In 2016, the purchase went ahead, and the planning application for the redevelopment was approved by Bath and North East Somerset Council in September 2017. Remodelling and refurbishment was again designed by Grimshaw Architects, and the building was opened as the Locksbrook Campus in October 2019.

Academic profile

Rankings and reputation

 
In 2005, 2006 and 2008 the university was named in the top 10 modern British universities by The Sunday Times, at positions 8, 5 and 8 respectively. The university was again ranked 8th best modern university in the UK by The Sunday Times in their 2016 university guide.

According to the 2014 Research Excellence Framework assessment, 51% of the research undertaken at the university was either world-leading or internationally significant, up from 19% in 2008. Acceptance rate was 12%.

Bath Spa University was ranked in 2017 as one of the top five creative universities in the UK by Which?s student survey.

 Partnership and collaboration 
The university has formed partnerships with a number of regional Further Education Colleges and institutions.

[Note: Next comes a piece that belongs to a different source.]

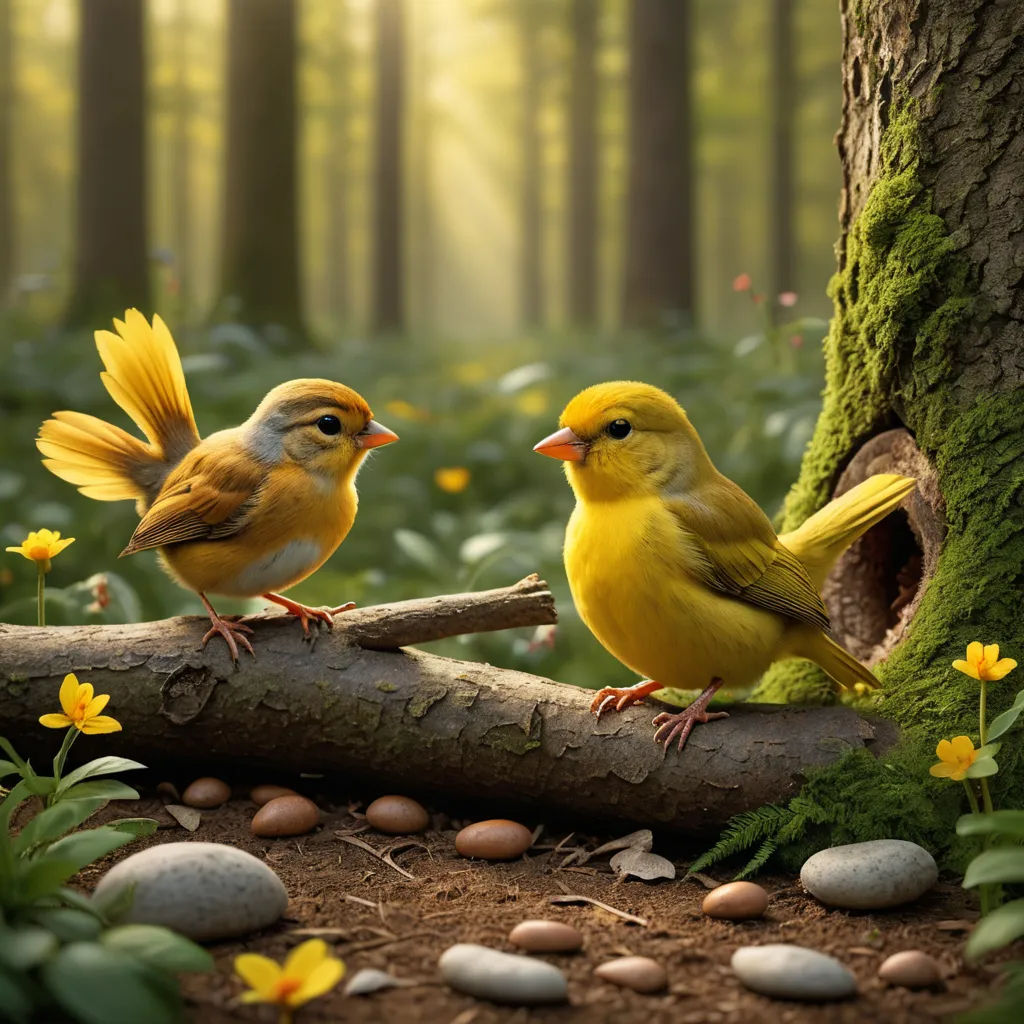 two yellow birds perched on a log in a forest with flowers and rocks on the ground and a mossy tree trunk, photorealism, a 3D render, Chris LaBrooy, birds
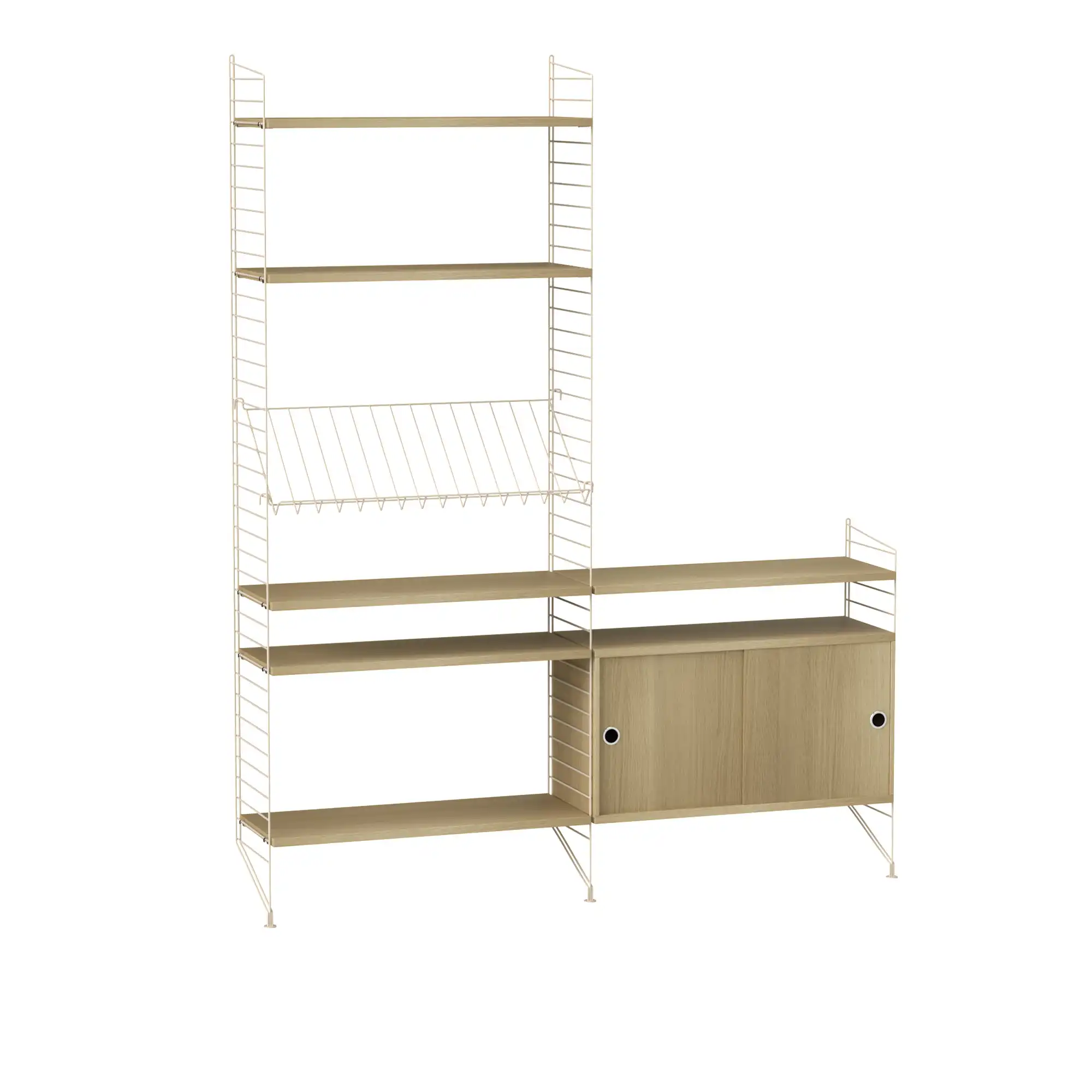 Vardagsrum hyllsystem K ek/beige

Under the partnership, students take the first year of their higher education course in their local college and, if successful, the rest of their course at Bath Spa University. The British and Irish Modern Music Institute campus in Bristol has all of its courses verified by Bath Spa University.
 
The partners are:
Circomedia
City of Bath College
City of Bristol College
New College, Swindon
Weston College
Wiltshire College at Trowbridge and Salisbury
British and Irish Modern Music Institute in Bristol

 Student satisfaction 

The university has seen a significant dip in student satisfaction in recent years, slipping to 113th place in the UK with an overall satisfaction rate of 71.7% in 2021 according to the Office for Students.  In 2015, by contrast, Bath Spa University was ranked joint 20th in the United Kingdom with 90% student satisfaction, 4% above the national average of 86%. In 2013 and 2014, student satisfaction was 87% and 89% respectively.

 Student life 

 Student accommodation 

The university currently offers accommodation to 2,264 students in several locations around the Bath area, as well as on its main Newton Park campus.

 Newton Park Campus 

The Newton Park Campus currently houses 868 students in single, shared and en-suite study bedrooms. The accommodation forms two groups of buildings at either end of the campus, known as Lakeside and Gardens. Bus stops by the library building and Lakeside accommodation service the U5 bus. Both groups of accommodation have access to laundrette facilities. Because of the limited availability of parking, students living on campus are not permitted to bring a car, however bicycle racks and some motorcycle parking spaces are available.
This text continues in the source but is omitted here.